Yes thats where I saw them , I was tring to find them, confirmed now.

Also found tunnels to the right of them which was a old WW2 radio station, accesible up a 40' chalk slope.

will have a nosey and take pic's later


----------



## ChrisR (Nov 19, 2010)

I know about the radio station already, but is it actually possible to get into those fuel dump bunkers? I've not heard much about them!


----------



## Bunker Bill (Nov 19, 2010)

ChrisR said:


> I know about the radio station already, but is it actually possible to get into those fuel dump bunkers? I've not heard much about them!



Will have a look when we do the Radio station, from google map it looks pretty well fenced off

They are not far apart.


----------



## krela (Nov 19, 2010)

Bunker Bill said:


> Will have a look when we do the Radio station, from google map it looks pretty well fenced off
> 
> They are not far apart.



Judging by the photos on that website I posted it doesn't look very promising! Official secrets act and MoD signs all over the place...


----------



## Sonofdavros (Jun 3, 2011)

There is one set of tunnels that are accessable - apparently this was a secret Royal Navy bunker during WWII. The site is now used as an airsoft skirmishing site, but the airsoft organisers are also very much aware of the history of the site, and offer tours. It is really quite big - and said to be haunted! (Aren't they all?!) 

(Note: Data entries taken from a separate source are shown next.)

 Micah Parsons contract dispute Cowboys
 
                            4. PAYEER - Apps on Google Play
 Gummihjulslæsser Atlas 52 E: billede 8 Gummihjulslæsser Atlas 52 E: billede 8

http://web.mac.com/crackingday/UCAP-UGHQ/UGHQ_History.html


----------



## DigitalNoise (Jun 3, 2011)

Yeah I don't fancy your chances of getting in there, but here's the radio station that you talk of... 
[ame="http://www.derelictplaces.co.uk/main/showthread.php?t=11446"]Paulsgrove[/ame]


----------



## Sonofdavros (Jun 3, 2011)

DigitalNoise said:


> Yeah I don't fancy your chances of getting in there



I've been in there three times.


----------



## tommo (Jun 3, 2011)

u can get in them its been done by many over the years :icon_evil


----------



## Sonofdavros (Jun 3, 2011)

I played three airsoft events in them. As I already posted, they are also doing tours.

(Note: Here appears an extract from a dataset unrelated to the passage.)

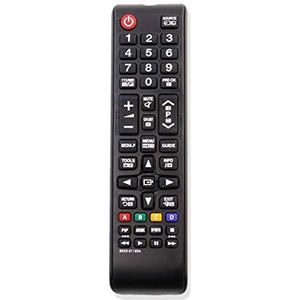 ALLIMITY BN59-01189A Afstandsbediening Geschikt voor Samsung TV LT22E390EI LT24D390EW LT24D391EX LT27D590CX LV27F390FE T24E390EW T24D390EW T24E390EI T24E390TEX 27D27D390TEX 27D390TEX 27D27D390TEX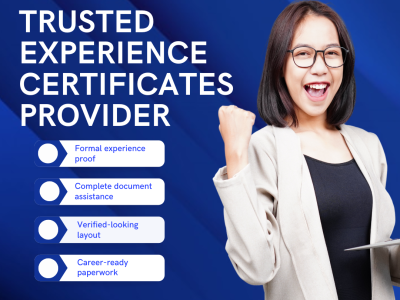 Experience Certificates Provider in Pune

I don't understand - what's with the stroppy face?


----------



## tommo (Jun 3, 2011)

Sonofdavros said:


> I played three airsoft events in them. As I already posted, they are also doing tours.
> 
> I don't understand - what's with the stroppy face?




:icon_evil = evil face icon, it wasnt ment in a bad way just that the thread is going over and over the same old stuff, its been done with or with out permission thats all 

there is so much down that way to keep u busy


----------



## Sonofdavros (Jun 4, 2011)

Ah, I see.


----------



## DigitalNoise (Jun 4, 2011)

Sonofdavros said:


> I've been in there three times.



I was referring to the fuel depot.


----------